▶ _Task directions_:
Output consists of the line that contains "Red Small Womens" plus every later line of the material below, each one duplicated exactly.

▶ _Records_:
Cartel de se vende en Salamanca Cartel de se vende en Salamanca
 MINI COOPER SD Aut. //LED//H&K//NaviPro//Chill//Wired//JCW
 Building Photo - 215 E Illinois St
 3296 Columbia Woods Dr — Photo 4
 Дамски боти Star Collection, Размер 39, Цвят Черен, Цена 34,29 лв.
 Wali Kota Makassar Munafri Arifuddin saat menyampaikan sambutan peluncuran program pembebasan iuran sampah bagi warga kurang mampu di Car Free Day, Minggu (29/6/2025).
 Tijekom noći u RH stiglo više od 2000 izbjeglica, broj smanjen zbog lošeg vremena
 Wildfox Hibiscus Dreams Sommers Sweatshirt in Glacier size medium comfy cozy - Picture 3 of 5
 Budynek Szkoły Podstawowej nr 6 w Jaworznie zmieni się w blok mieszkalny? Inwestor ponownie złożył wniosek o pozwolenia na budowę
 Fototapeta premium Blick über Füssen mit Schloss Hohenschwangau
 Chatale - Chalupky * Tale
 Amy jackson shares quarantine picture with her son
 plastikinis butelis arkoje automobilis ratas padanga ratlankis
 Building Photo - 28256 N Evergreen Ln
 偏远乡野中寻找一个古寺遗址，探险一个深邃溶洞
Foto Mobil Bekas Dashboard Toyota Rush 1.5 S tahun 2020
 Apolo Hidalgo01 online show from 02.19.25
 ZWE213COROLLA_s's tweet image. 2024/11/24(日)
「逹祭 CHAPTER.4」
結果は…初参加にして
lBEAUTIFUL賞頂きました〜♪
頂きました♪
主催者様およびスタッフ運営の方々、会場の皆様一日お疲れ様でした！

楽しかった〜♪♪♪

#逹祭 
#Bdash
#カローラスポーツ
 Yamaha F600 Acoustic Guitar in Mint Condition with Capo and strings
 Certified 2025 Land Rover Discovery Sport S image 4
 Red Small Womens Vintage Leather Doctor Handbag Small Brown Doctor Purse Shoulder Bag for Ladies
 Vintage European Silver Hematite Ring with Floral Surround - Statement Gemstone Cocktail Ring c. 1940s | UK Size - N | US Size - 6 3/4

▶ _Exercise result_:
 Red Small Womens Vintage Leather Doctor Handbag Small Brown Doctor Purse Shoulder Bag for Ladies
 Vintage European Silver Hematite Ring with Floral Surround - Statement Gemstone Cocktail Ring c. 1940s | UK Size - N | US Size - 6 3/4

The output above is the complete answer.